Prior to the coronavirus, the amount of immigrants, refugees and displaced people around the world was one of the most discussed issues of our time. While games have tackled the issue head on – Papers, Please being an obvious one – none have quite captured the feelings of helplessness in the face of disaster the way Mass Effect 3 does. […]
Prior to the coronavirus, the amount of immigrants, refugees and displaced people around the world was one of the most discussed issues of our time. While games have tackled the issue head on – Papers, Please being an obvious one – none have quite captured the feelings of helplessness in the face of disaster the way Mass Effect 3 does.

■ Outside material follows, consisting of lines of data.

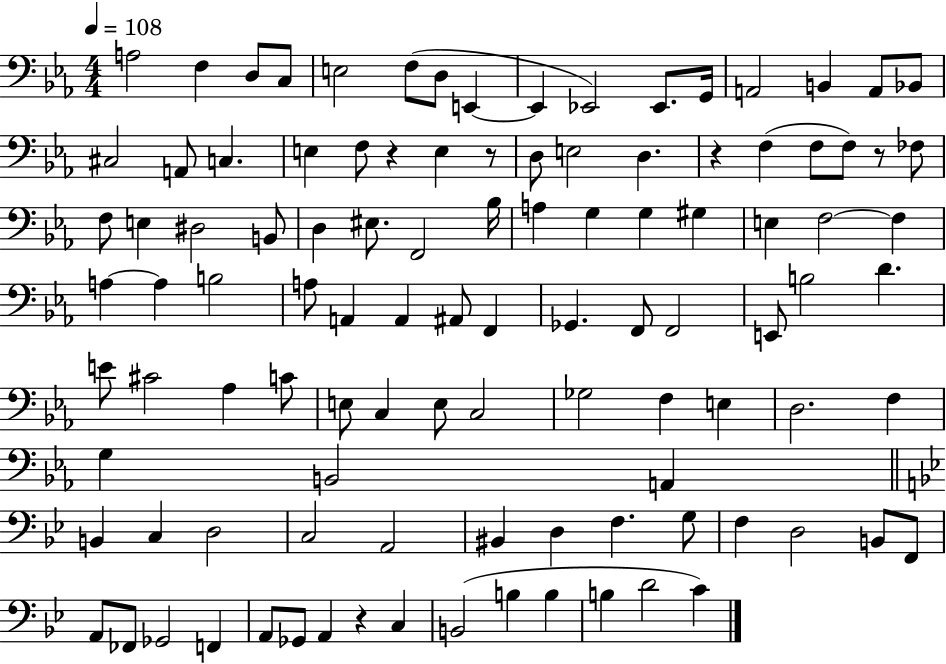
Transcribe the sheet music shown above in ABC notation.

X:1
T:Untitled
M:4/4
L:1/4
K:Eb
A,2 F, D,/2 C,/2 E,2 F,/2 D,/2 E,, E,, _E,,2 _E,,/2 G,,/4 A,,2 B,, A,,/2 _B,,/2 ^C,2 A,,/2 C, E, F,/2 z E, z/2 D,/2 E,2 D, z F, F,/2 F,/2 z/2 _F,/2 F,/2 E, ^D,2 B,,/2 D, ^E,/2 F,,2 _B,/4 A, G, G, ^G, E, F,2 F, A, A, B,2 A,/2 A,, A,, ^A,,/2 F,, _G,, F,,/2 F,,2 E,,/2 B,2 D E/2 ^C2 _A, C/2 E,/2 C, E,/2 C,2 _G,2 F, E, D,2 F, G, B,,2 A,, B,, C, D,2 C,2 A,,2 ^B,, D, F, G,/2 F, D,2 B,,/2 F,,/2 A,,/2 _F,,/2 _G,,2 F,, A,,/2 _G,,/2 A,, z C, B,,2 B, B, B, D2 C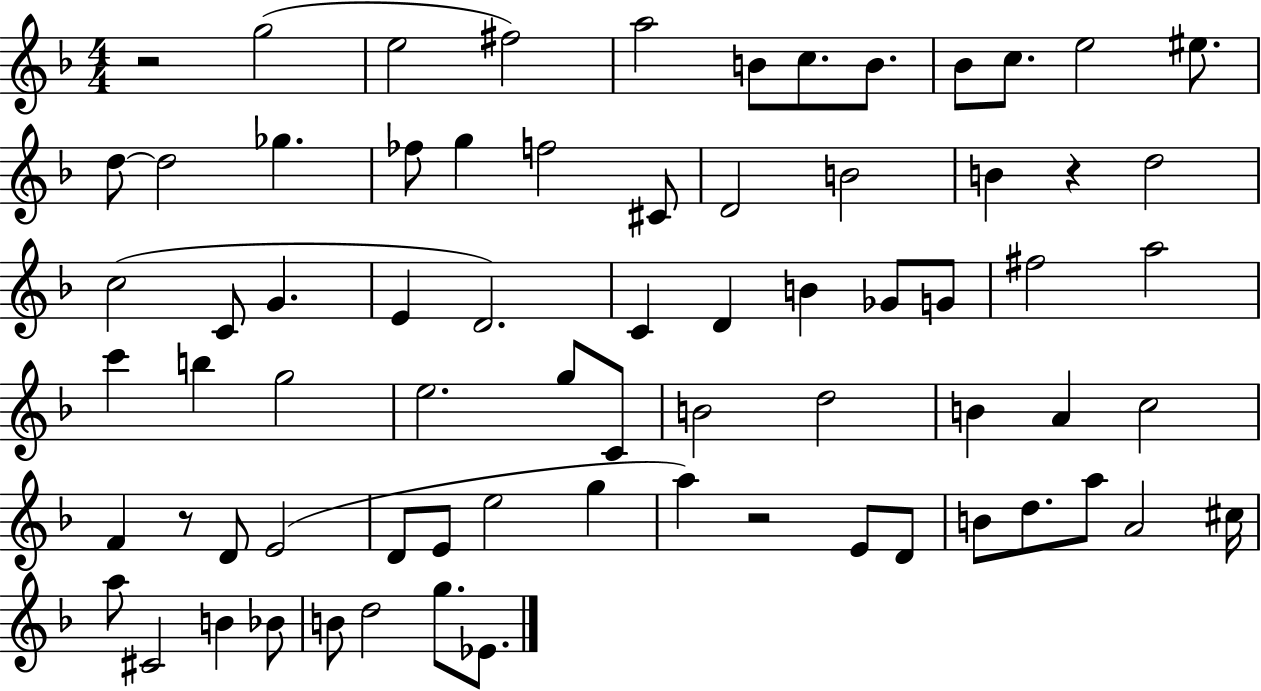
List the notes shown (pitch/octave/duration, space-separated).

R/h G5/h E5/h F#5/h A5/h B4/e C5/e. B4/e. Bb4/e C5/e. E5/h EIS5/e. D5/e D5/h Gb5/q. FES5/e G5/q F5/h C#4/e D4/h B4/h B4/q R/q D5/h C5/h C4/e G4/q. E4/q D4/h. C4/q D4/q B4/q Gb4/e G4/e F#5/h A5/h C6/q B5/q G5/h E5/h. G5/e C4/e B4/h D5/h B4/q A4/q C5/h F4/q R/e D4/e E4/h D4/e E4/e E5/h G5/q A5/q R/h E4/e D4/e B4/e D5/e. A5/e A4/h C#5/s A5/e C#4/h B4/q Bb4/e B4/e D5/h G5/e. Eb4/e.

The finale to the Mass Effect trilogy gained heavy criticism at the time, especially for its ending, but most of the game is filled with resolution, sharp characterization, personal moments and a strong theme of reactive chaos. It strips you of whatever being ‘Commander Shepard’ means, and makes you simply ‘Shepard’; a person. A person who can’t save everyone, no matter how hard they try.
Kai Leng was an ineffective villain, Thane, Jacob and Tali-mancers were left out in the cold and Diana Allers had no business being there. Mass Effect 3 is far from perfect, but its weaknesses have been disproportionately highlighted.
The problem is that Mass Effect’s failures were eye catching and gaudy, even if they lacked substance. The game felt like a three course meal served on plastic Spider-Man plates; the good parts mattered so much more, but they were overshadowed.
Part of that substance was the Citadel, where you spend a good chunk of your downtime throughout the game. In the previous two instalments, the Citadel had been the apex of life in the galaxy.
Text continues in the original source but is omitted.